- Your assignment: Write out the entries below exactly. End with the line that contains "Clean bathroom with".

- Dataset:
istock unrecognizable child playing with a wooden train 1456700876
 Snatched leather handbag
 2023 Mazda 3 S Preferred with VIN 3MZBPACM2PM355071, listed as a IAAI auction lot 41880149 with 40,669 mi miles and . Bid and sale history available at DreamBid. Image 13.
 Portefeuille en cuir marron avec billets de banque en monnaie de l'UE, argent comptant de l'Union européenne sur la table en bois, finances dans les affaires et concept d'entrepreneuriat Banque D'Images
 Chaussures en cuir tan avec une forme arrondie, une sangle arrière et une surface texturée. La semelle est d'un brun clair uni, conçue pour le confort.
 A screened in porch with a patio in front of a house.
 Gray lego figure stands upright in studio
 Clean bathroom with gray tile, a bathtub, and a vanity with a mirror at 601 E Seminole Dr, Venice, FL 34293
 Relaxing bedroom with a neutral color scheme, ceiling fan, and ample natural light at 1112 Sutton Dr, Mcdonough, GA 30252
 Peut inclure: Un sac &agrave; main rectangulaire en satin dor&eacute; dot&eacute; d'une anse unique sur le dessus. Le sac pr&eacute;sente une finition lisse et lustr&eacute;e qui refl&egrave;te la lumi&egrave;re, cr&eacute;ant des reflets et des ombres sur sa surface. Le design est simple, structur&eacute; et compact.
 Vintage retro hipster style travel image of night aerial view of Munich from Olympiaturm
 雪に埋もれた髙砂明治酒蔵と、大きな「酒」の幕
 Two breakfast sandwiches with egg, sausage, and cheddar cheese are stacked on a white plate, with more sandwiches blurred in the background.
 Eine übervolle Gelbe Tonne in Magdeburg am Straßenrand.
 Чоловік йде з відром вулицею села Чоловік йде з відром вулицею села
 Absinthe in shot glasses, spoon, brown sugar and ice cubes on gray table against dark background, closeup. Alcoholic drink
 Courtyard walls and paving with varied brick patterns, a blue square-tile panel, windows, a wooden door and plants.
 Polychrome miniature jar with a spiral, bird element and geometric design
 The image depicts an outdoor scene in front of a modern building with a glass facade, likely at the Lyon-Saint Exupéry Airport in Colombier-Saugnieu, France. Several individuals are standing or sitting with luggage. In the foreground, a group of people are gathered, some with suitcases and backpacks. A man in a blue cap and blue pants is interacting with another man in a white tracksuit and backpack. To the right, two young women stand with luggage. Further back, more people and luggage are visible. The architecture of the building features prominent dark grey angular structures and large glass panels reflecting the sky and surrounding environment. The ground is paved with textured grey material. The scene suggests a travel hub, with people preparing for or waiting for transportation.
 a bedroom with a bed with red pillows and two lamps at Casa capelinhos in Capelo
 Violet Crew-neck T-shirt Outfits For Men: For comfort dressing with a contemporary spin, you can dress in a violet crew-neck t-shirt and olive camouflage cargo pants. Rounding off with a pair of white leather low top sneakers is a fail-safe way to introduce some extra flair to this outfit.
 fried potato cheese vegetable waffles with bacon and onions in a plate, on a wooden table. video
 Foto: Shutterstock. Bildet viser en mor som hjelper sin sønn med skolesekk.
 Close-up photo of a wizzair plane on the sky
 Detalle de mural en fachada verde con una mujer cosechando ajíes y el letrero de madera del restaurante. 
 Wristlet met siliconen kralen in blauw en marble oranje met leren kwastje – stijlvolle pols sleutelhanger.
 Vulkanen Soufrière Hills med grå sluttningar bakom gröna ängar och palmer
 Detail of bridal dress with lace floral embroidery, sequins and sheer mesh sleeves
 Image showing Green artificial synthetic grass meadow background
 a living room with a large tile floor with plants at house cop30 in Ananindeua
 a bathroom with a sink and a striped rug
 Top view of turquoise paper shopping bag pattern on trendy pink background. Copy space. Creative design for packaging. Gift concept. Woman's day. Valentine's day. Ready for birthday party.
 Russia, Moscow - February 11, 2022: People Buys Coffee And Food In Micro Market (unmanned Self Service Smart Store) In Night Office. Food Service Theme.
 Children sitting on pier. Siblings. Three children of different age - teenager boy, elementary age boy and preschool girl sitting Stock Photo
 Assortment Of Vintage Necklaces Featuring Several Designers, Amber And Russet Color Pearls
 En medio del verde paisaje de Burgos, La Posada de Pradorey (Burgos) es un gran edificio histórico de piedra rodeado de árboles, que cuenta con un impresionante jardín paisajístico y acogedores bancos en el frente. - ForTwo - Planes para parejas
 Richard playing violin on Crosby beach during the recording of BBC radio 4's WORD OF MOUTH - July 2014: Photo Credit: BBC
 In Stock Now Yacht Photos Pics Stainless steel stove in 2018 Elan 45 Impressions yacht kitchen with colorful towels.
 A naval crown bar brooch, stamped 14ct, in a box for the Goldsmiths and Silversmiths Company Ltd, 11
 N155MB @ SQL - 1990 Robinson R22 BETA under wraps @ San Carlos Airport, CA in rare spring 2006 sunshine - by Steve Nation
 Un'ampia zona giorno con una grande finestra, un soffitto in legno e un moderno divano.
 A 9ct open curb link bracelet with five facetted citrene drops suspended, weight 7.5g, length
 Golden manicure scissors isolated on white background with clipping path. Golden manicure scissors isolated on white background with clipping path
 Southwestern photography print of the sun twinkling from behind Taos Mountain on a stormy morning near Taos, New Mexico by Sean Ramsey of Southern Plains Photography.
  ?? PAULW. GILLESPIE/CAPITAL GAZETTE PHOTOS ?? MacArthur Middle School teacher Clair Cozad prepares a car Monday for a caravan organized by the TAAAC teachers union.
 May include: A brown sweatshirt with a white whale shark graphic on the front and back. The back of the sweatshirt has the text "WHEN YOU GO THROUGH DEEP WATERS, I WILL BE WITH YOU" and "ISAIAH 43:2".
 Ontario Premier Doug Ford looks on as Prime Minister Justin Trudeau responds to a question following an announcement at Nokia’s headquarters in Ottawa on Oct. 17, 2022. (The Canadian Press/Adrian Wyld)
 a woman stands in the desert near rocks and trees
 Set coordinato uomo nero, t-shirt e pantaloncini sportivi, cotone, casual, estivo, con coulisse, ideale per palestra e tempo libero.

- Written response:
istock unrecognizable child playing with a wooden train 1456700876
 Snatched leather handbag
 2023 Mazda 3 S Preferred with VIN 3MZBPACM2PM355071, listed as a IAAI auction lot 41880149 with 40,669 mi miles and . Bid and sale history available at DreamBid. Image 13.
 Portefeuille en cuir marron avec billets de banque en monnaie de l'UE, argent comptant de l'Union européenne sur la table en bois, finances dans les affaires et concept d'entrepreneuriat Banque D'Images
 Chaussures en cuir tan avec une forme arrondie, une sangle arrière et une surface texturée. La semelle est d'un brun clair uni, conçue pour le confort.
 A screened in porch with a patio in front of a house.
 Gray lego figure stands upright in studio
 Clean bathroom with gray tile, a bathtub, and a vanity with a mirror at 601 E Seminole Dr, Venice, FL 34293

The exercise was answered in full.